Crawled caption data
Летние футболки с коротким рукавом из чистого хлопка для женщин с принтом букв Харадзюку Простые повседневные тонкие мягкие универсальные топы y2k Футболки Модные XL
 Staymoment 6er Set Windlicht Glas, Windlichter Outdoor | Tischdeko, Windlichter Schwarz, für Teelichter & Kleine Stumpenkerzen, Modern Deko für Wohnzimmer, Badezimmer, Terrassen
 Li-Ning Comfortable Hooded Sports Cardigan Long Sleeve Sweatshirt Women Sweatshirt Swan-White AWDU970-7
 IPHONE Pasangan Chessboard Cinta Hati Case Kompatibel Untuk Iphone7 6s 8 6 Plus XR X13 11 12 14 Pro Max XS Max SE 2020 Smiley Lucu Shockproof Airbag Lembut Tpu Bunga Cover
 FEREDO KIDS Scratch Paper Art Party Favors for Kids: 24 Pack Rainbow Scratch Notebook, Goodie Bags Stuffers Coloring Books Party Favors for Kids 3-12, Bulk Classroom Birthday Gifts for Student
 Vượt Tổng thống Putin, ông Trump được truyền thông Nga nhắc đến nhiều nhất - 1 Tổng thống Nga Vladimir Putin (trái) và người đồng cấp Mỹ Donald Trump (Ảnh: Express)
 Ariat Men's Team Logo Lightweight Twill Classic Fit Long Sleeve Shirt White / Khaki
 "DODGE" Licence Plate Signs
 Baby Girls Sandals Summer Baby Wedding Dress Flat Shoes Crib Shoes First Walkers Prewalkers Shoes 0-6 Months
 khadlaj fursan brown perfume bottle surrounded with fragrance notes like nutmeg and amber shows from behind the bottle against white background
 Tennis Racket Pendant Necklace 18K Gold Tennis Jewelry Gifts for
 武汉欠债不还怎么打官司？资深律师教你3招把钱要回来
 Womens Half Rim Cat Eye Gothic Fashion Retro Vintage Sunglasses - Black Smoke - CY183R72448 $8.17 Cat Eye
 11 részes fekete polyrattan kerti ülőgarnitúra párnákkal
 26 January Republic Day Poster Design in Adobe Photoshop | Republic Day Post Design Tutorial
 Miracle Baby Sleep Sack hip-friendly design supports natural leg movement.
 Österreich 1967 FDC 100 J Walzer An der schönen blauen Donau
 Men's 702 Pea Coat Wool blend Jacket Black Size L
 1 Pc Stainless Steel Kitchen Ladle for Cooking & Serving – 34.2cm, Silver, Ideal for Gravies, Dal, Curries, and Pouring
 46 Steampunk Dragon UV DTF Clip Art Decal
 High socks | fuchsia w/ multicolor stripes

TASK OBJECTIVE: Among the entries above, the lines between the ones containing "11 részes fekete" and "Miracle Baby Sleep", inclusive, are to be transcribed exactly. No other line is to be given.

FINAL ANSWER:
 11 részes fekete polyrattan kerti ülőgarnitúra párnákkal
 26 January Republic Day Poster Design in Adobe Photoshop | Republic Day Post Design Tutorial
 Miracle Baby Sleep Sack hip-friendly design supports natural leg movement.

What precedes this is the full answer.